Both camps insisted they needed more time to review the 3 million square-foot office/ retail/condominium project after the developer and the owner of the land it hopes to buy, Arizona State University, asked that the city take no more than a month to do so.
With no logical explanation why this had to be at the state’s Board of Regents’ June meeting for approval of the $20 million land sale, SunCor and ASU put their application on hold until further notice.
This was the right thing to do — the only thing to do.

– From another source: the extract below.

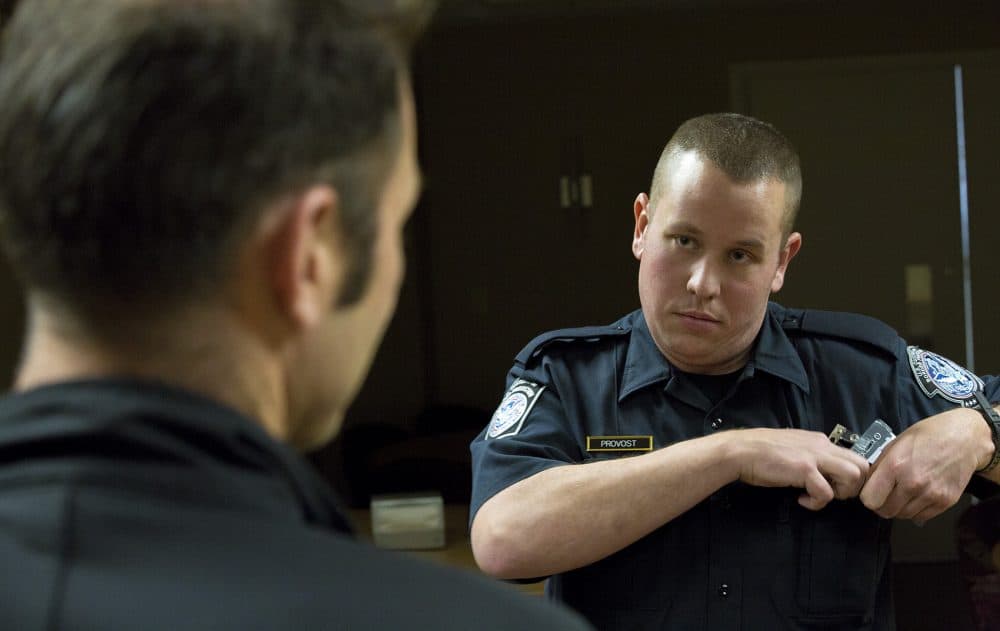 U.S. Customs and Border Protection officer trainee Patrick Provost. (Jesse Costa/WBUR)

Now, we hope this change can provide a fresh start for all parties involved. We hope it doesn’t signal a return to the snail’s pace at which development of this site had been proceeding, which has left Tempe taxpayers with lake maintenance bills that building up this property is supposed to cover.
This is Lot 59N — 26 acres of overflow Arizona State University parking, sandwiched between Rio Salado Parkway and the Salt River bed, the Rural Road bridge and the condos and offices of SunCor’s Hayden Ferry.
It’s also, as Tempe Mayor Hugh Hallman told then-Tribune writer Jason Emerson two years ago, “right in the middle of Town Lake. It is the most easily developable. And it’s the most visible. It’s the focus. We can’t demonstrate that the lake is viable if this property sits vacant.”
Emerson’s February 2005 story was an indepth look of how ASU and SunCor’s already protracted process had hit a stalemate over ASU’s dreams of a retail bonanza versus the more office- and residential-oriented reality SunCor was presenting to them.
Still, the school and the company, hammered out an agreement on the basic outline of the project in late 2004.
Friday’s delay is also a chance for Tempe and Phoenix to build a more cooperative relationship, based on shared interests rather than pretending they don’t have any, while Tempe ponders Marina Heights’ density and Phoenix looks at the safety implications of its tallest towers for its flight path.
Tempe needs to see this land developed within the reasonably near future —but wisely and cooperatively. It’s too important for it to be handled any other way.